**Aim of the exercise**
Go to the line with "Detailed view of" in the records below, then output it and each following line exactly, up to and including the line with "167 Buckeye Knoll". Skip pictures and add nothing.

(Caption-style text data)
▬▬▬
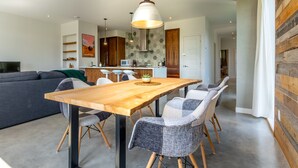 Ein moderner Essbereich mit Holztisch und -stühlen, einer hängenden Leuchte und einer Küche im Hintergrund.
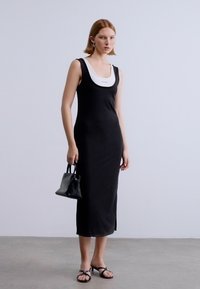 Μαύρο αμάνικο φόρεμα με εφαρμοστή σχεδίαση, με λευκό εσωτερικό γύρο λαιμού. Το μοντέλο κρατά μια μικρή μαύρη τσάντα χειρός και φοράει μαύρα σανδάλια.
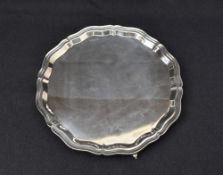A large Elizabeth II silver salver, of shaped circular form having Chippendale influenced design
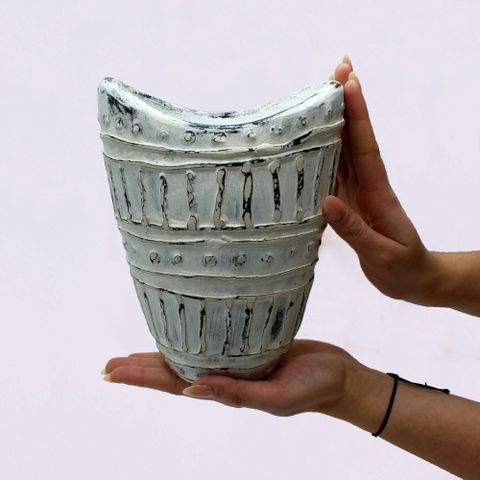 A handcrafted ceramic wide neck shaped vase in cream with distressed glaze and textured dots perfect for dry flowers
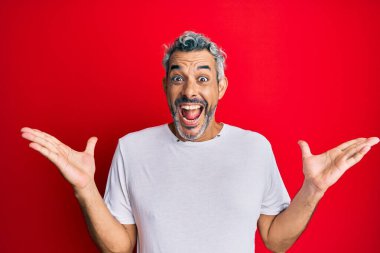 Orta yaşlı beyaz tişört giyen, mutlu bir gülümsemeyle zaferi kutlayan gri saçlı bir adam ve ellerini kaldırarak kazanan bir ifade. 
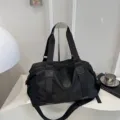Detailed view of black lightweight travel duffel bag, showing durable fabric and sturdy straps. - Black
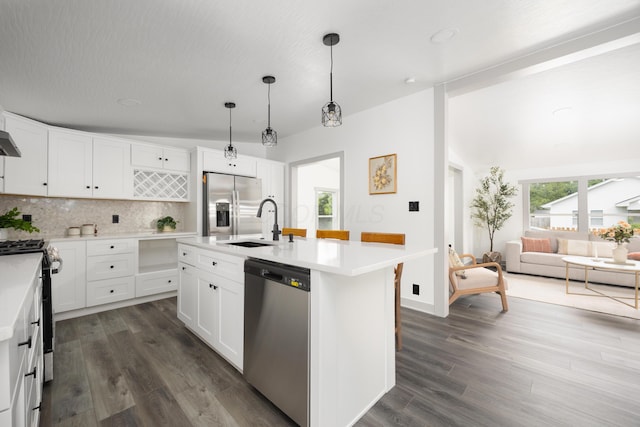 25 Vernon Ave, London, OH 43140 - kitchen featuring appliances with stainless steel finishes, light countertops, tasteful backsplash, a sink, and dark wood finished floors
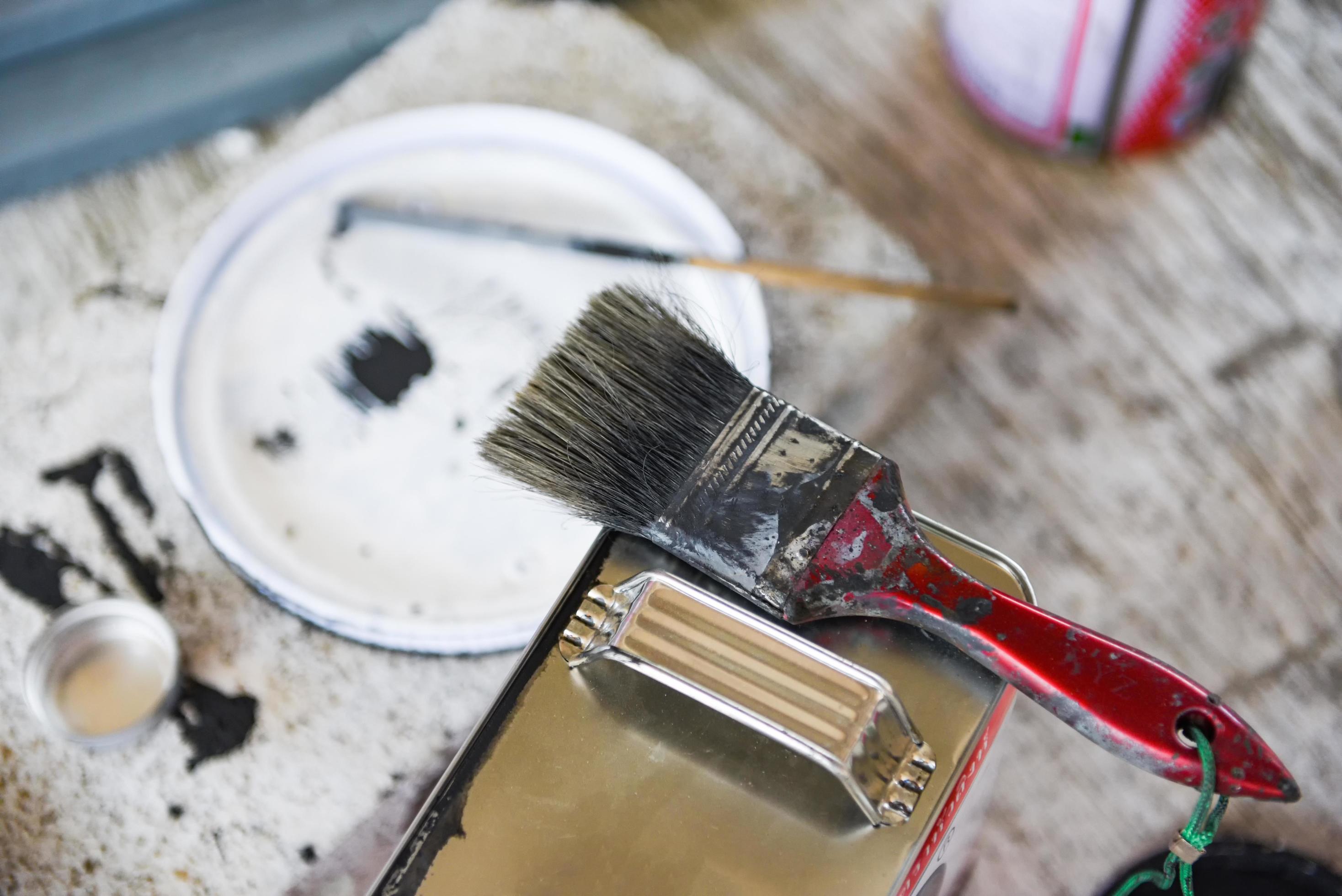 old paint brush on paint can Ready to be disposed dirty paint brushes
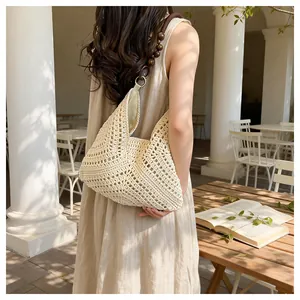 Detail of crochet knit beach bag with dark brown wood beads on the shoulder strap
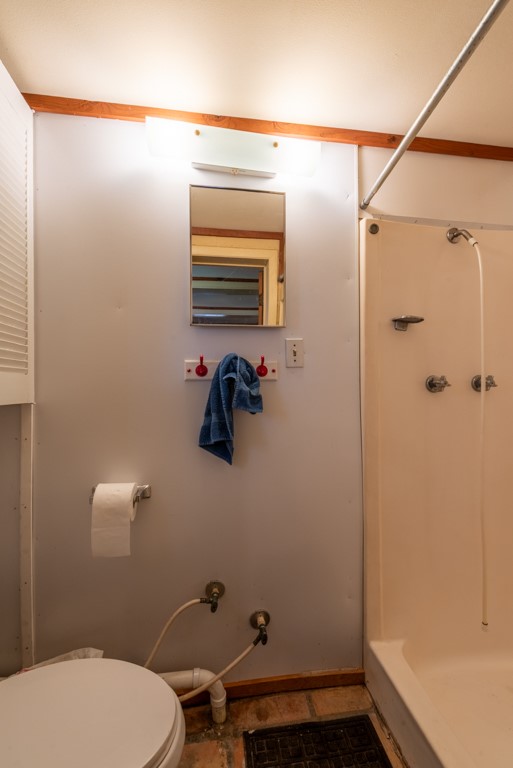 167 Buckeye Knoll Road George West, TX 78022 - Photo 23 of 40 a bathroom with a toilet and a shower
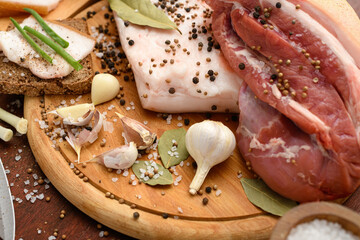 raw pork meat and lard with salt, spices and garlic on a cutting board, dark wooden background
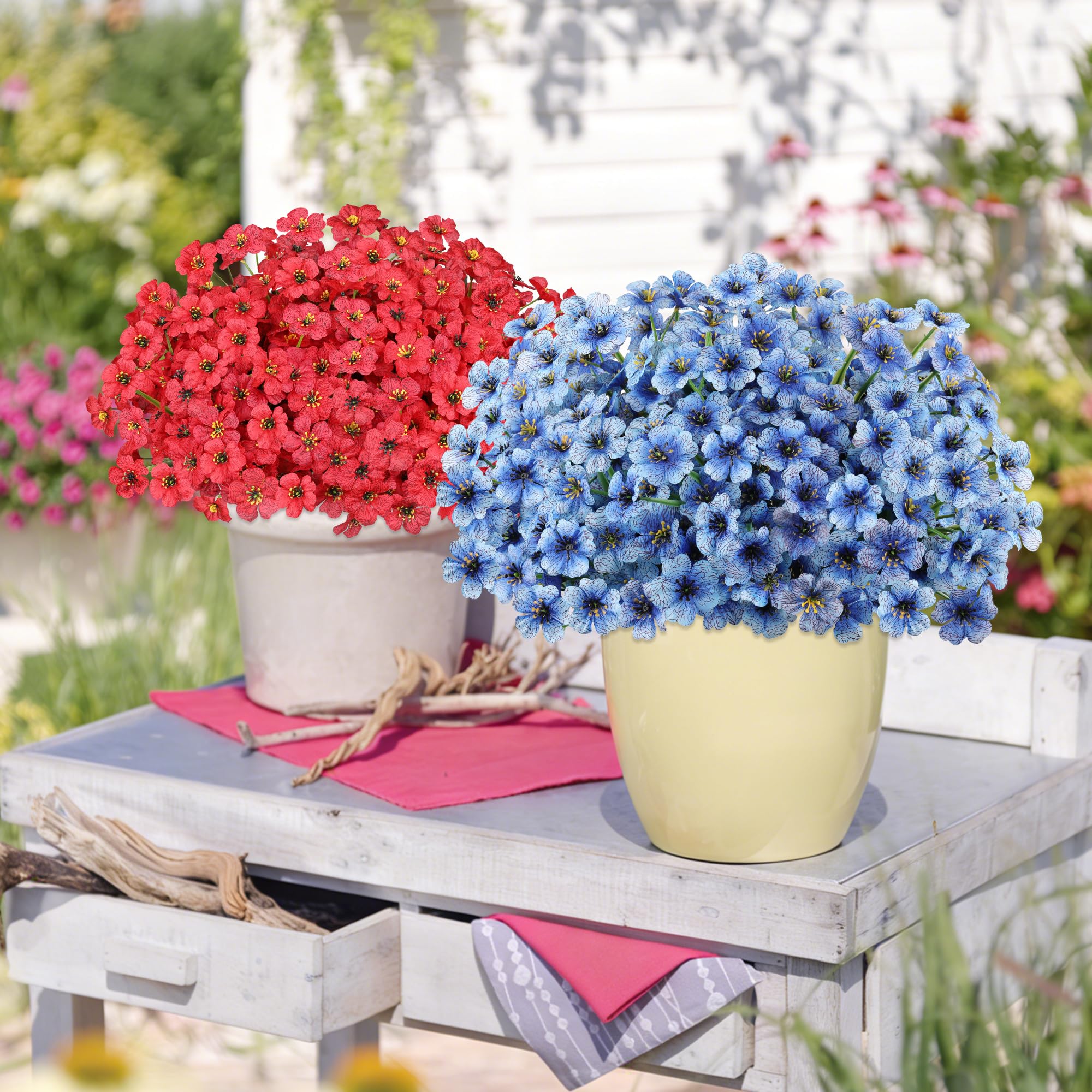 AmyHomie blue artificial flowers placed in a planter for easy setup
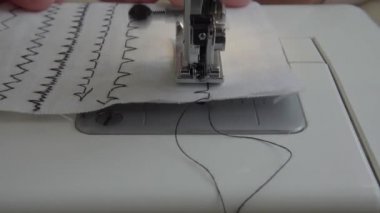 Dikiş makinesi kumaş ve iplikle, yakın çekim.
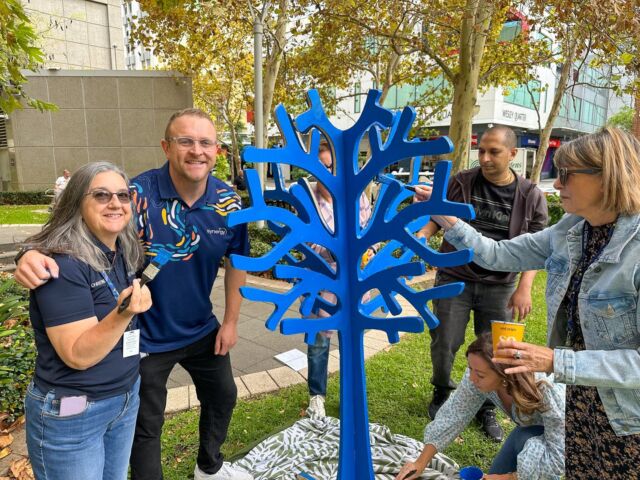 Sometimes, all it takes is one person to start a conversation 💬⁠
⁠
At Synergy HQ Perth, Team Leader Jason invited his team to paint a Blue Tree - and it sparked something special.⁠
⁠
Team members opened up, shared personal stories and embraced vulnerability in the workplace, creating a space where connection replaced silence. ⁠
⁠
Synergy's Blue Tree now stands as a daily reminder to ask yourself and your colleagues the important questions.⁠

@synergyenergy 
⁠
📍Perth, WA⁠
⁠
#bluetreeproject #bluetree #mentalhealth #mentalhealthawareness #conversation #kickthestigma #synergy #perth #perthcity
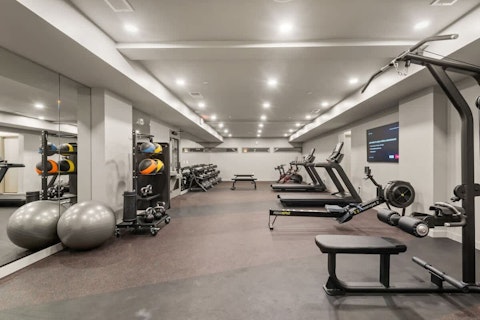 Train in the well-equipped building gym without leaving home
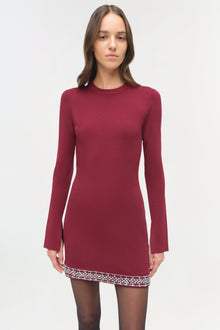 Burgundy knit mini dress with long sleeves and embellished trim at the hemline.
▬▬▬
**Response box**
Detailed view of black lightweight travel duffel bag, showing durable fabric and sturdy straps. - Black
 25 Vernon Ave, London, OH 43140 - kitchen featuring appliances with stainless steel finishes, light countertops, tasteful backsplash, a sink, and dark wood finished floors
 old paint brush on paint can Ready to be disposed dirty paint brushes
 Detail of crochet knit beach bag with dark brown wood beads on the shoulder strap
 167 Buckeye Knoll Road George West, TX 78022 - Photo 23 of 40 a bathroom with a toilet and a shower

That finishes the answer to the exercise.